For many years, the debate has raged among investors and academics about whether sustainable investors need to sacrifice returns in order to achieve their values. I would argue that we are not asking the right question. Instead, we should be asking what type of sustainable investment approach is most likely to deliver the returns that individual investors need?
When we talk about returns, this does not mean the same thing for all investors. Understanding an investor’s needs and motivation, such as short-term liquidity or long-term financial commitments, has always been central to the role of investment advisers.
On top of that, we now have a greater understanding that financial returns are not the only goal of all investors – societal or environmental returns, personal satisfaction, familial unity or legacy concerns are also central to many investors’ measures of success. We see this in incoming European regulation that will require financial firms to take into account ESG factors and preferences such as good governance or environment to support a client suitability assessment and not only investor preferences like risk tolerance, risk capacity and financial expertise.
We see this same trend today across many areas of society, not only in investment. For example, increasingly consumers understand that if a product seems too cheap to be true, it’s usually because someone elsewhere in the supply chain is bearing the cost.
Despite this broadening definition of returns, a growing number of investors think it is not necessary to accept impaired financial returns from sustainable investments. A PWC survey in 2021 found that over 80% of investors were unwilling to accept returns expectations for sustainable investments that were more than one percentage point lower that non-sustainable strategies.
A Natixis survey in the same year also found that only 20% of investors think they have to sacrifice returns to invest sustainably, compared with 64% in 2017. This suggests that asset managers will be held to account by their clients if their sustainable strategies do not perform as expected.
Even so, some investors are still willing to accept below market rate returns in order to finance sustainable activities, perhaps as an alternative to more traditional philanthropy. While this isn’t a position we expect all investors to adopt, it does illustrate the wide spectrum of expectations of returns that exist today.
Then there is the question of why academic studies cannot definitively prove that sustainable investments do not sacrifice returns. However, asking this question assumes that ‘sustainable investment’ is a standalone strategy that can be identified and studied. This is not true.
The market for sustainable investments today is hugely varied. Some strategies focus on well-run companies (the quality factor), or those with products that deliver solutions to environmental or social problems. Some try to blend the two approaches. Others prefer to use non-financially material ESG information to align their investments with their values (the so-called ‘do no harm’ approach). In addition, the range of environmental, social and governance issues that can impact industries and companies is vast.

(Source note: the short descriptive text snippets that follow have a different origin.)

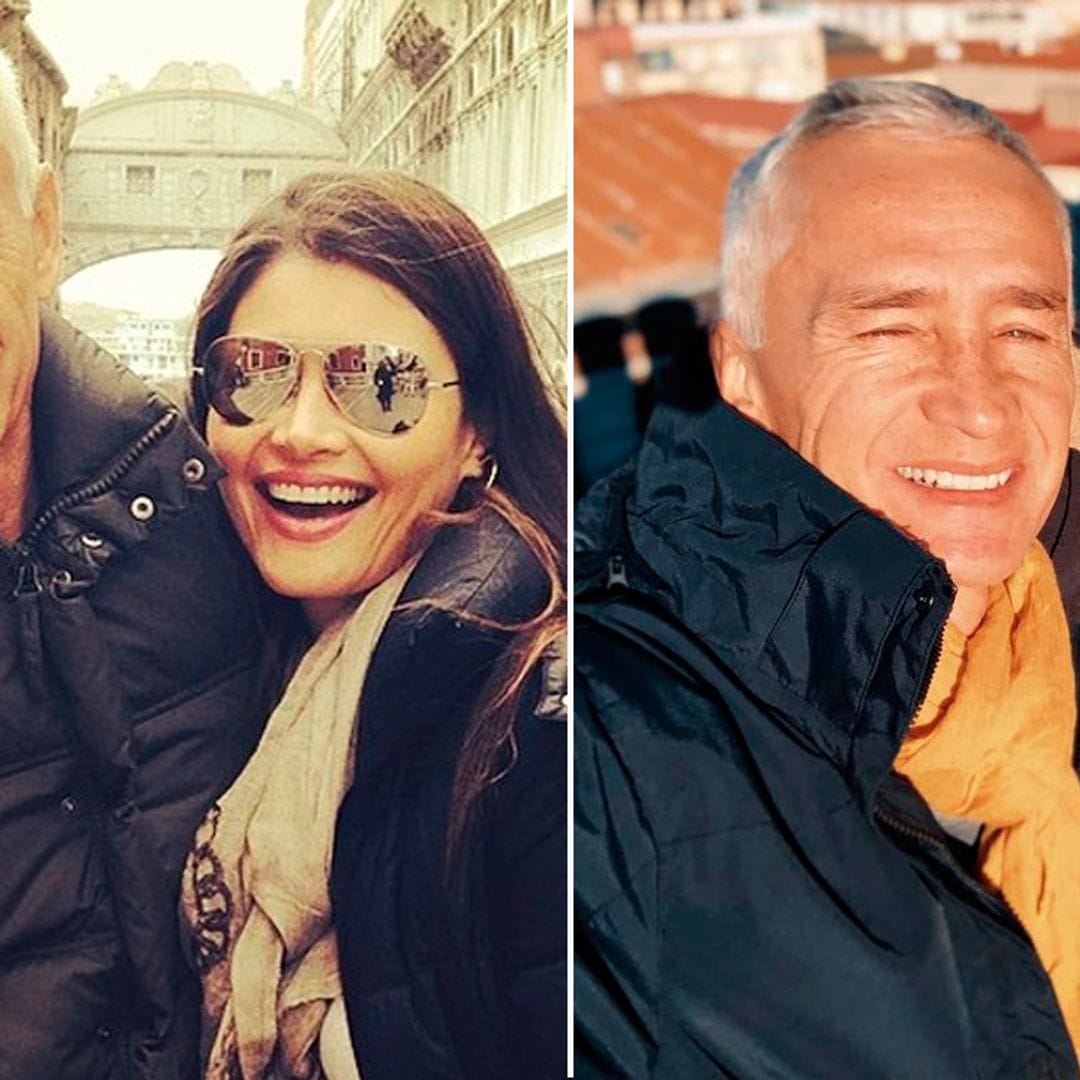 Las pocas -pero muy románticas- muestras de amor entre 'Chiqui' Delgado y Jorge Ramos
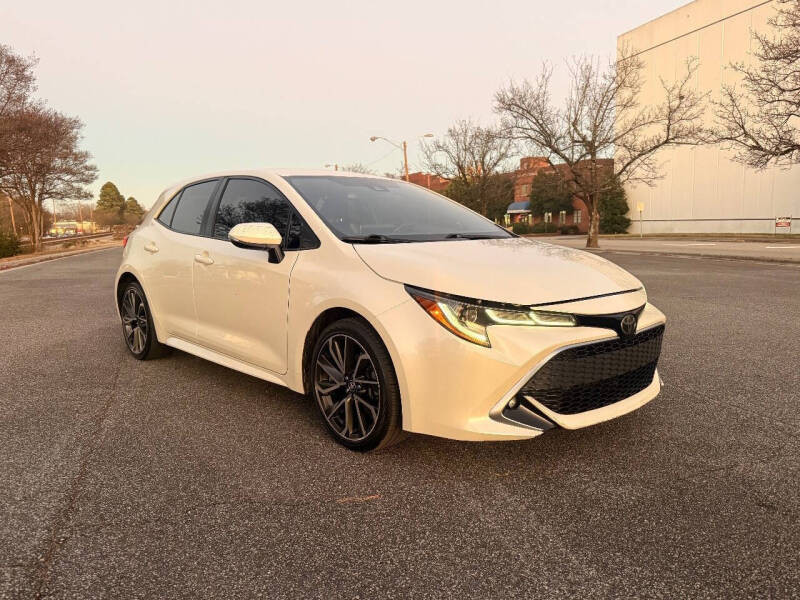 2019 Toyota Corolla Hatchback XSE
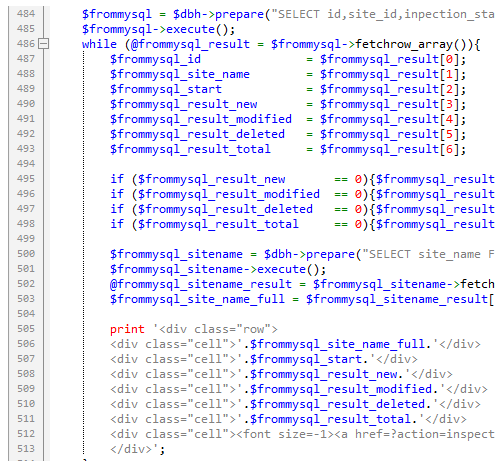 Система контроля изменения файлов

When we consider the sheer variety of approaches, it becomes clear that defining a universe of sustainable investments to study is perhaps even more difficult than studying more traditional financial questions, such as whether active management generates alpha, or whether quantitative investing is more successful than fundamental investing.
Isolating the impact of the sustainable approach from influential variables such as market environment and investor skill is extremely difficult. This is why there is a place in the investment industry for investment consultants!
In any portfolio construction approach, the key levers for achieving desired returns are asset allocation and investment selection. This is no different for sustainable investments. Different asset classes provide different risk-return expectations as well as different ways of delivering direct or indirect impact, or the ability to access or avoid certain types of activities.
Today there are sustainable options for virtually every type of approach – passive, active, thematic, private and public equity, high yield and investment grade credits, and so on. But when selecting investments, the same level of attention to manager or security selection needs to be applied whether the investment is considered sustainable or not.
Does the approach make sense? How credible are the claims made by managers? All investment managers operate under a set of constraints whether that is related to liquidity, time horizons or sustainability concerns. The real question is whether the managers are skilled enough to build a portfolio within those constraints that will achieve their goals – and that’s the same question regardless of whether it is a sustainable approach or not.
What really matters in the end is – what are your goals, and how can sustainable investing help? That’s the only real question that needs answering.